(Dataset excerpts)

-------

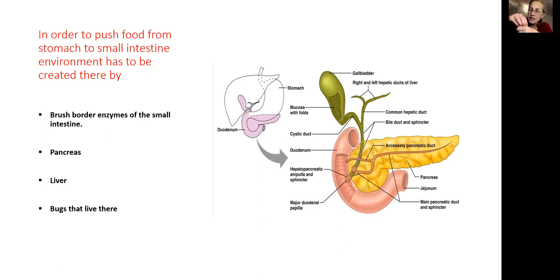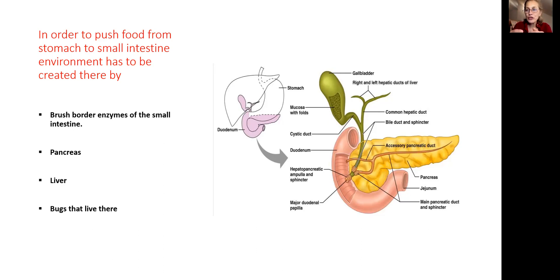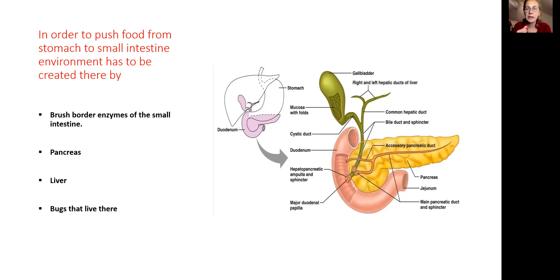Then food will go from the stomach into the small intestine. The environment in the small intestine is created by those organs. If any of those does not work quite right, then we have a problem — the pylorus will not open. Food will stay in the stomach and has nowhere to go but up, which means it will create acid reflux.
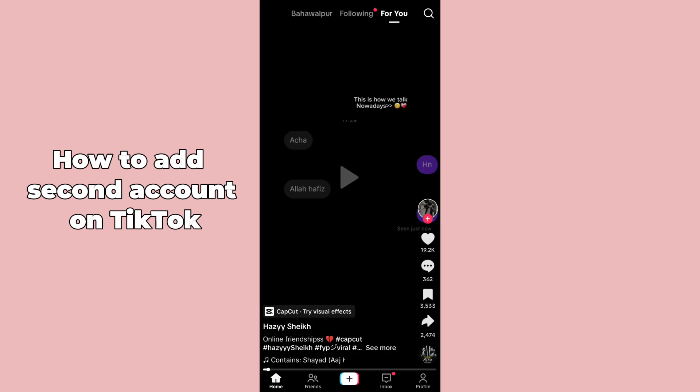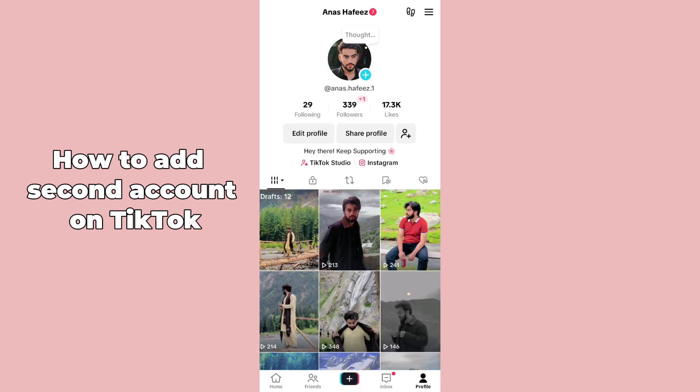After opening up the TikTok application, you have to go to your profile section by tapping on the bottom right corner. After tapping on your profile, you will be able to see your profile has been opened if you have already logged in with your account. If you want to log into another account or switch to another account,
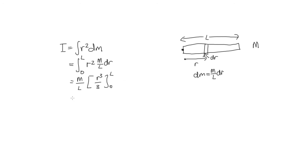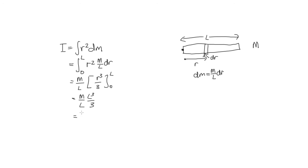So now we just need to substitute in those limits. And we've got m on L times L cubed on 3. And then when we substitute in the 0, well, that's just 0. So now we can simplify this a little bit because we've got an L on the bottom and L cubed on the top. So this gives us mL squared on 3. And like we said before, we call this 1 third mL squared. So you can see we've managed to derive that equation now.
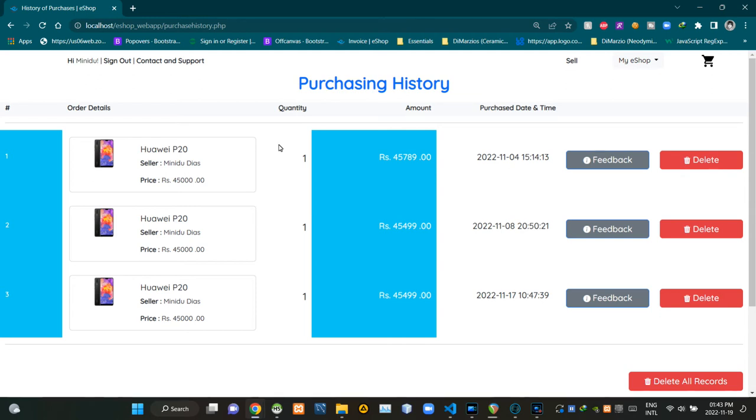Hello folks, welcome to today's demonstration video of my eshop project. Today's video is going to be about the user interface designing side of the purchasing history page.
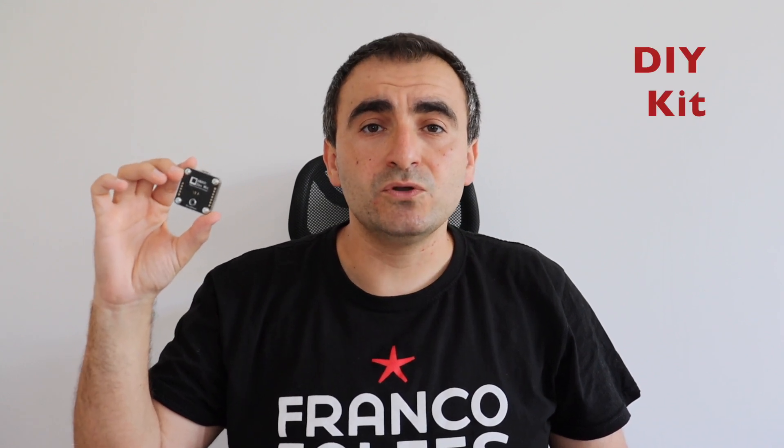Anavi DevMic comes as a do-it-yourself kit and in this video I'm going to show you how to assemble it. The process is very simple. Here are the exact steps.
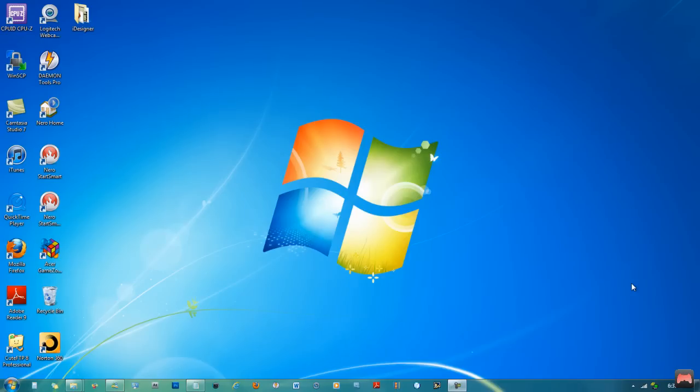Hello, welcome to a short episode of Techno. Today is pretty much really straightforward. What I'll be showing you is how to open DXDIAG on Windows.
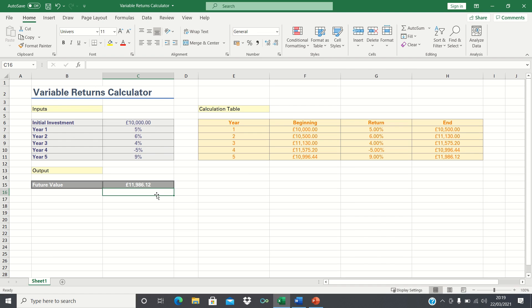The main limitation of the fvschedule function, however, is that it doesn't allow for regular contributions to be made after the initial investment. To overcome this, you can use the future value function instead if you're using fixed rates of return, or you'll have to build a calculation table if you're using variable returns.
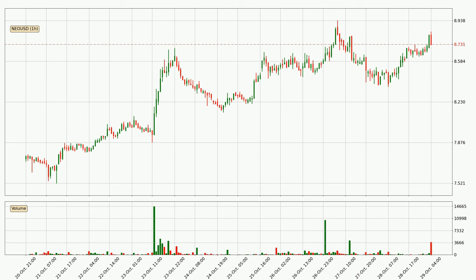Looking at the NIO hourly time frame, the price went up by around 2.9% in the last 24 hours, with a current price of 8.73. But the volume wasn't very high, so the move wasn't very strong.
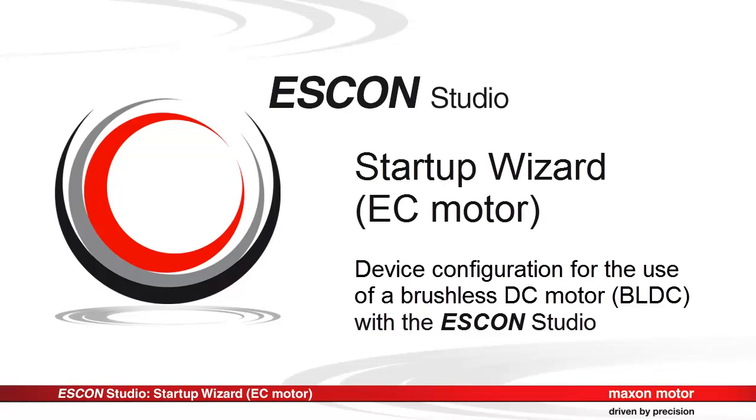This tutorial describes the minimum configuration of the ESCON servo controller. The setup is for a brushless DC motor with hall sensors.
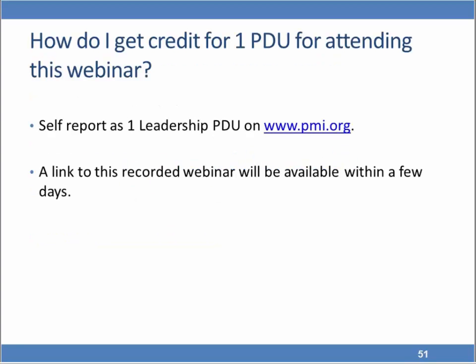We can take additional questions. One we're always asked: how do I get credit for my one PDU for attending this webinar? You do a self-report on PMI.org — log in with your credentials and go through the report a PDU process. This would qualify for a leadership PDU. A link to this webinar should be available within a few days.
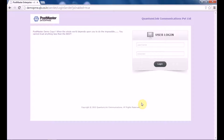Hello everyone, this video tutorial will help you to configure the SMTP server settings in your Postmaster. To start with, let's login into Postmaster as an admin.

-------

◆ WHAT IS NEEDED
Transcribe only the lines above that start at the line containing "Looking at the" and end at the line containing "This tutorial describes". Omit pictures.

◆ ANSWER SPACE
Looking at the NIO hourly time frame, the price went up by around 2.9% in the last 24 hours, with a current price of 8.73. But the volume wasn't very high, so the move wasn't very strong.
This tutorial describes the minimum configuration of the ESCON servo controller. The setup is for a brushless DC motor with hall sensors.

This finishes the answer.